Only the lines below from the one with "Second Runner up" through the one with "cello Opal Glass" are to be written out, exactly and without any images.

**Provided records**
+---+

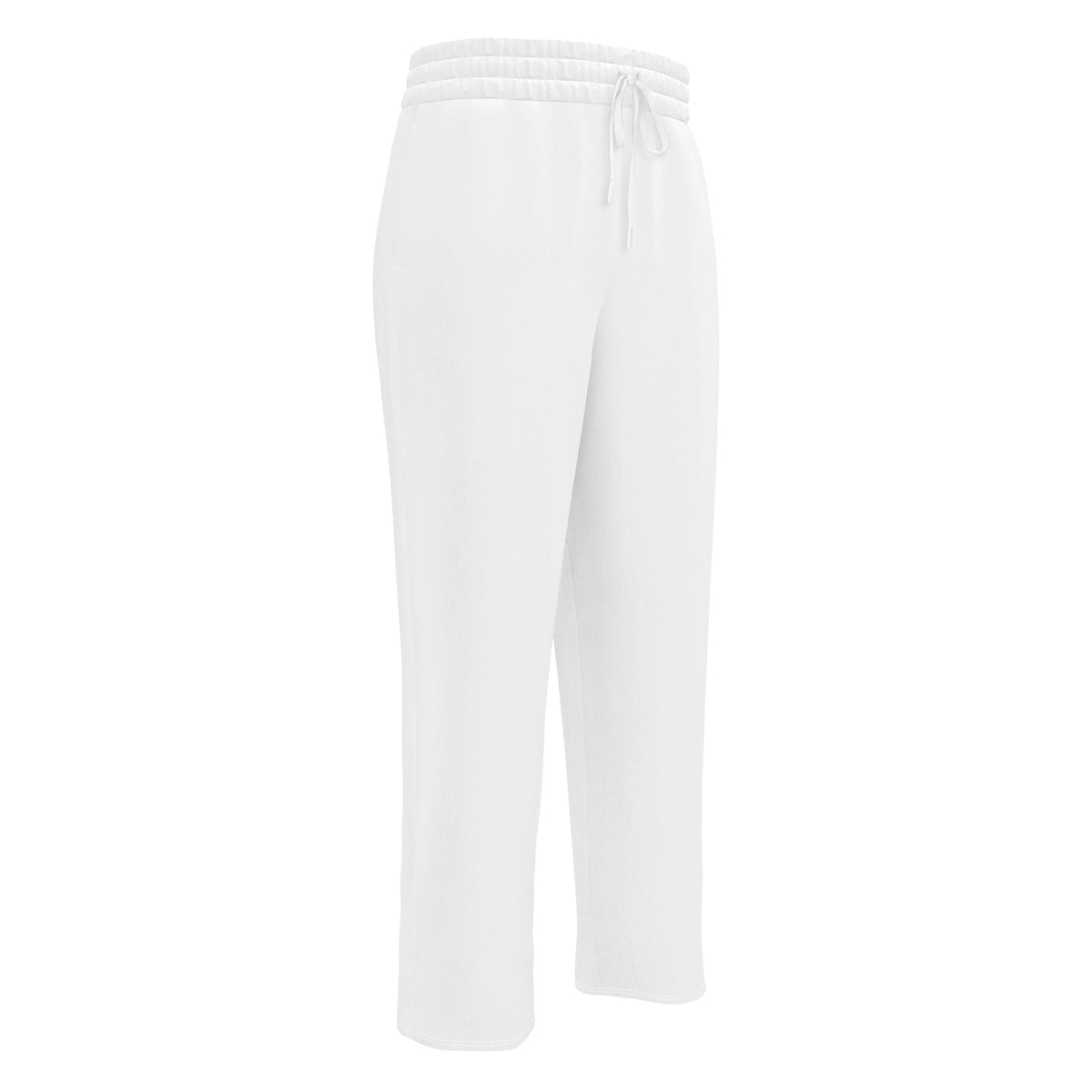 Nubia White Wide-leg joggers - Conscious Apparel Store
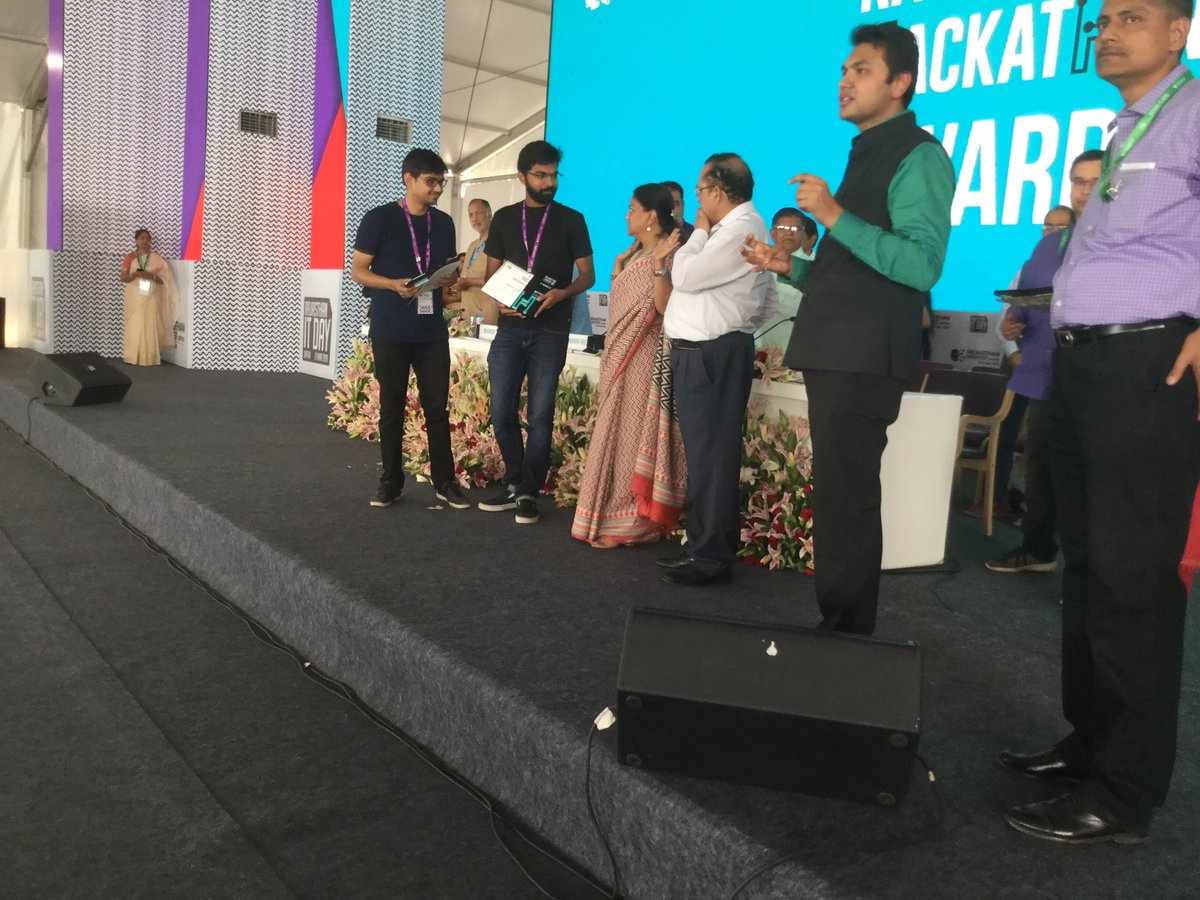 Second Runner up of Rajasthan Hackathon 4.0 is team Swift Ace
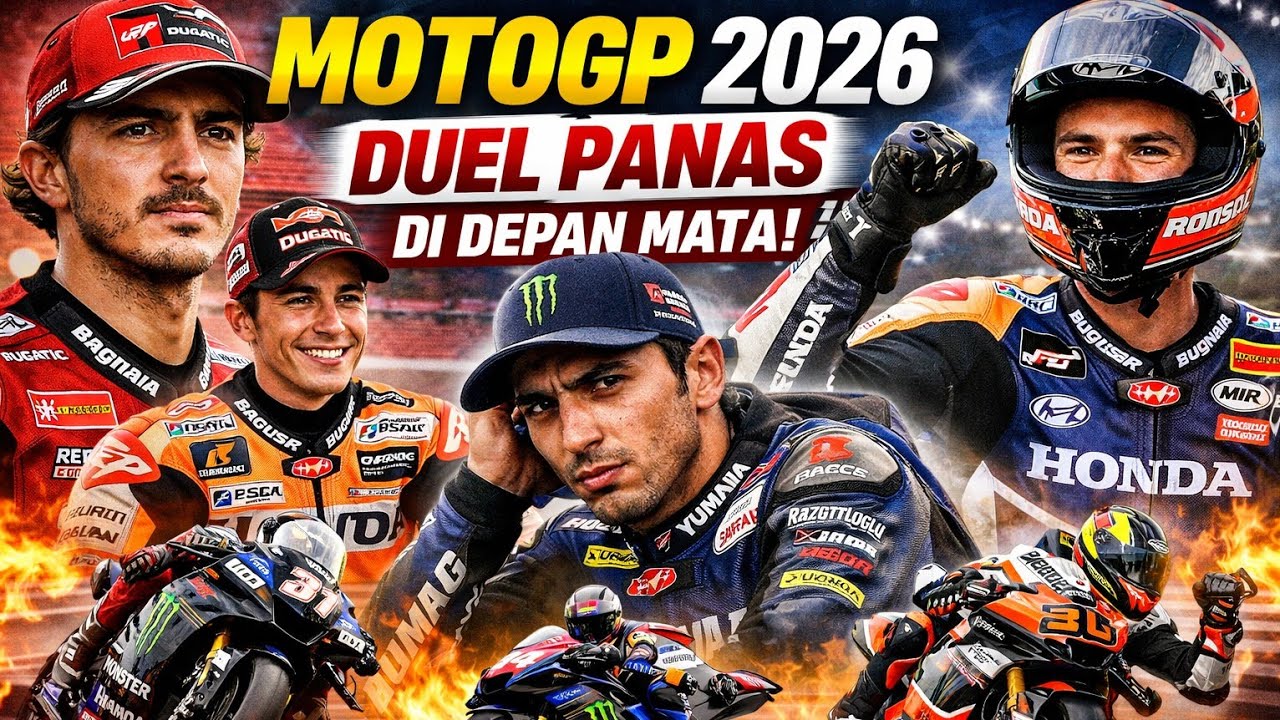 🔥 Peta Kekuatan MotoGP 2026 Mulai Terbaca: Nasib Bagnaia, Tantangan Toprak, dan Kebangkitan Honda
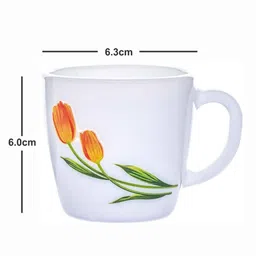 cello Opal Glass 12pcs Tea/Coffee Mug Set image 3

+---+

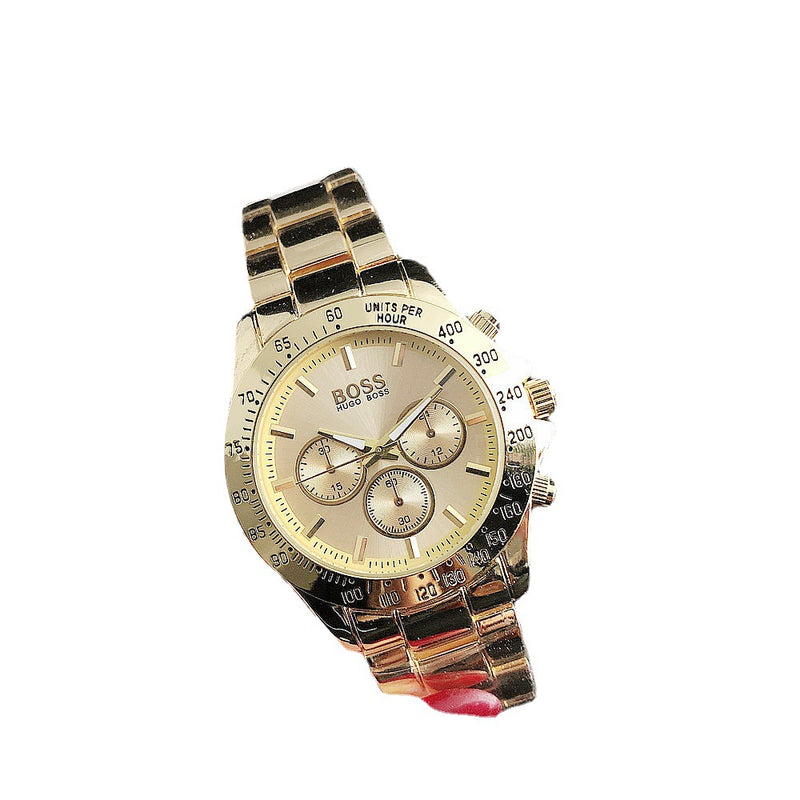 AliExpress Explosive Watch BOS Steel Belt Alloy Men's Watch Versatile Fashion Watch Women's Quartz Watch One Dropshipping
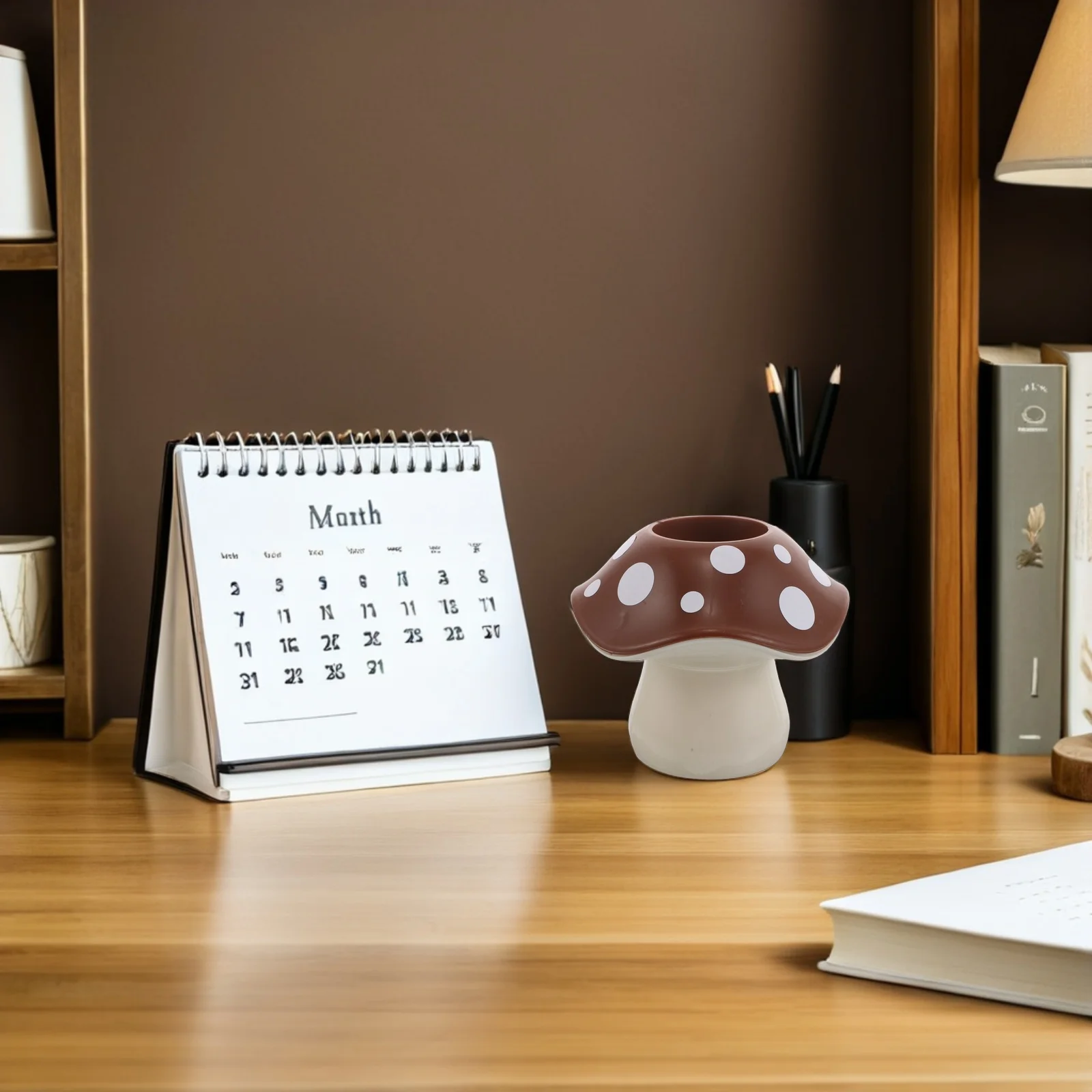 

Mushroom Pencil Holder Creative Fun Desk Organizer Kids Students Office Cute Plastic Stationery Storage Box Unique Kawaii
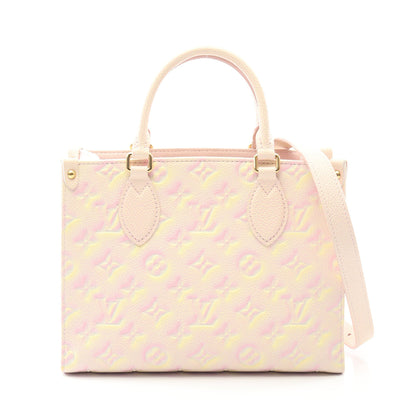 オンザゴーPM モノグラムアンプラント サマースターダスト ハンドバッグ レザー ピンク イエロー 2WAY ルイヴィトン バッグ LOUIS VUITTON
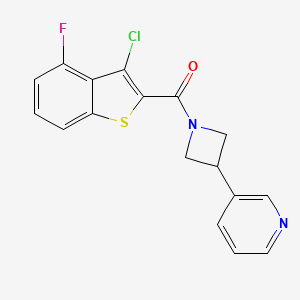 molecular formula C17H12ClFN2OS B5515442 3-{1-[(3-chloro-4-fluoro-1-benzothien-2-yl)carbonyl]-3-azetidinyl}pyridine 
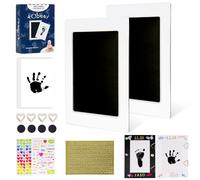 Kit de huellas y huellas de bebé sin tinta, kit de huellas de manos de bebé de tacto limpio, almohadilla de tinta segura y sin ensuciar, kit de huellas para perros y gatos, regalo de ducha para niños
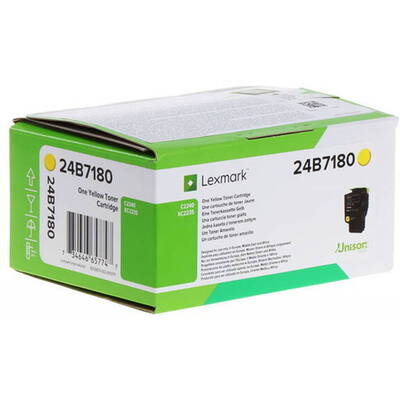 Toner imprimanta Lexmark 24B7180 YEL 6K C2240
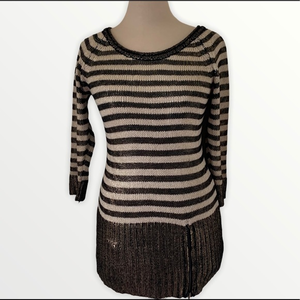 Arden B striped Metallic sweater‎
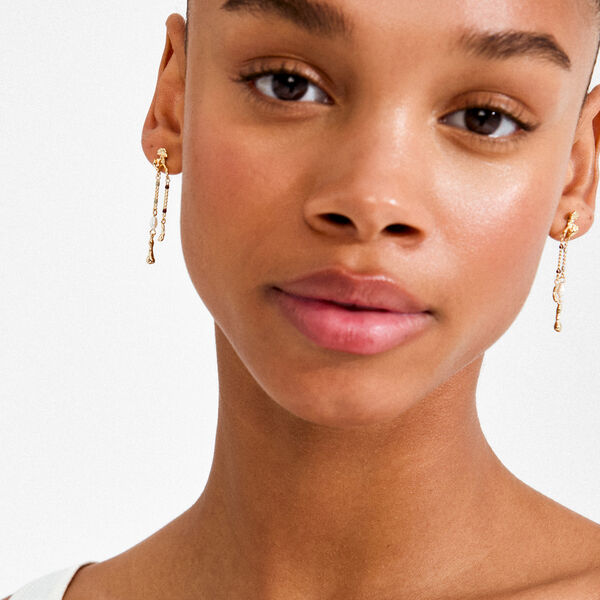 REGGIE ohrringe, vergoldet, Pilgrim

+---+

**Output for this exercise**
 Second Runner up of Rajasthan Hackathon 4.0 is team Swift Ace
 🔥 Peta Kekuatan MotoGP 2026 Mulai Terbaca: Nasib Bagnaia, Tantangan Toprak, dan Kebangkitan Honda
 cello Opal Glass 12pcs Tea/Coffee Mug Set image 3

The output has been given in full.